What happens to the Kafka state store when you use the application reset tool?


What happens to your state store when you run the Kafka streams application reset tool to reset the app to a particular timestamp (say T-n)?

The document reads: "Internal topics: Delete the internal topic (this automatically deletes any committed offsets)" (Internal topics are used internally by the Kafka Streams application while executing, for example, the changelog topics for state stores)

Does this mean that I lose the state of my state store/RocksDB as it was at T-n?

For example, let's say I was processing a "Session Window" on the state store at that timestamp. It looks like I'll lose all existing data within that window during an application reset.

Is there possibly a way to preserve the state of the Session Window when resetting an application? In other words, is there a way to preserve the state of my state store or RocksDB (at T-n) during an application reset?


Solution

  • The rest tool itself will not touch the local state store, however, it will delete the corresponding changelog topics. So yes, you effectively loose your state.

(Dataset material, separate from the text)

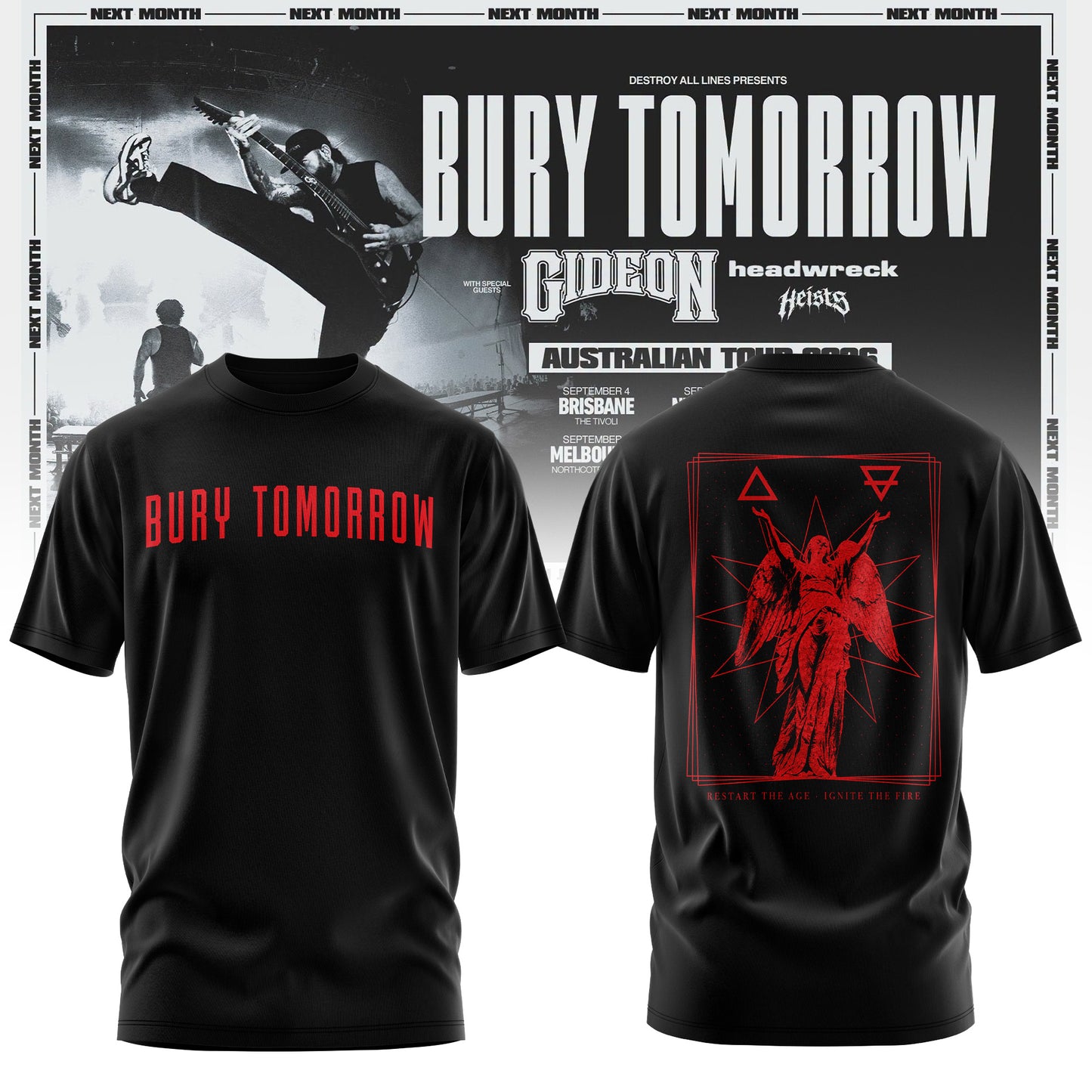Bury Tomorrow – ‘Will You Haunt Me’ Australian Tour 2026 Limited T-Shirt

    Thus, to keep your local state in-sync with the changelog you should actually delete the local state, too, and start with an empty state: https://docs.confluent.io/current/streams/developer-guide/app-reset-tool.html#step-2-reset-the-local-environments-of-your-application-instances

    It is not possible currently, to also reset the state to a specific point atm.

    The only "workaround" might be, to not use the rest tool but bin/kafka-consumer-groups.sh to only modify the input topic offsets. This way you preserve the changelog topics and local state stores. However, when you restart the app the state will of course be in it's last state. Not sure if this is acceptable.